Three-year-old Rabeya and Rukaya who were joined at the head suffered from a rare embryological disorder affecting an estimated one in every five to six million births.
The girls were recovering after the 30-hour operation to separate their skulls and brains at the Combined Military Hospital (CMH) in Dhaka.
A surgical team of 35 Hungarians and more than 100 Bangladeshi doctors took part in the delicate procedure which they dubbed “Operation Freedom.”
The girls were in stable condition after the final separation, the last phase in a lengthy series of surgeries since last year, said Gergely Pataki, founder of Action for Defenseless People Foundation (ADPF) which led the huge team of doctors.
“But keeping in mind that such rare complicated surgical procedures has its risks, complications might still occur,” he told reporters at a press conference in CMH.
The girls have undergone two neurosurgical operations and 44 plastic surgeries so far.
Before the surgery doctors had said there was only a 50 percent chance of the twins surviving.
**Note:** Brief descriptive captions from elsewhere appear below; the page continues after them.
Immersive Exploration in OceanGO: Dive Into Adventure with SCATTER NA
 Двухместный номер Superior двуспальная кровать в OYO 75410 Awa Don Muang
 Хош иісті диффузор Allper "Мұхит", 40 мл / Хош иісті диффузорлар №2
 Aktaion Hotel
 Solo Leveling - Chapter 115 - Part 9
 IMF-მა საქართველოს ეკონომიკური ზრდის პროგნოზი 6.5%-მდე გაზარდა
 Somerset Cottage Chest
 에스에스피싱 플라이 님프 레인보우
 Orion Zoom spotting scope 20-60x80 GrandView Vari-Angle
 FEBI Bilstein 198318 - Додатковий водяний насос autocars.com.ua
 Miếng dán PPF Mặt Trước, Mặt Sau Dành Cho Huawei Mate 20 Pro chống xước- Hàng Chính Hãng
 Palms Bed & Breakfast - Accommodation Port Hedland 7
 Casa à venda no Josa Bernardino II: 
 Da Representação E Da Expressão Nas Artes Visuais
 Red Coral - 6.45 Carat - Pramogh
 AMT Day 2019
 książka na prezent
According to ADPF, only a handful of operations to separate twins joined at the head have been successful.
The Hungarian charity was set up in 2002 by neurosurgeon Andras Csokay and plastic surgeon Pataki to provide free surgery to poor people in Hungary and abroad.
In the first phase of surgery in Bangladesh last year, the shared blood vessels of the twins’ brains were separated in a 14-hour operation.
ADPF neurosurgeons and plastic surgeons supported by anesthesiologists, radiologists and pediatricians also used innovative 3D animation software to map the two brains.
The twins’ overwhelmed mother Taslima Khatun said she cried tears of joy when one of the daughters spoke to her on Saturday.
“One of my babies this morning told me, ‘Mother take me on your lap’ This gave me huge peace of mind. I’m so very happy,” she said.
She was however concerned about whether the twins would make a complete recovery.
Anesthesiologist Marcell Csapody said they were “hopeful and optimistic” the twins would make a full recovery but had to be realistic as the youngsters were not yet completely out of danger.
“We have to be optimistic and (simultaneously) realistic,” he said.
ADPF has performed around 500 reconstructive surgery operations in Asia and Africa, including for Rohingya Muslim refugees in Bangladesh.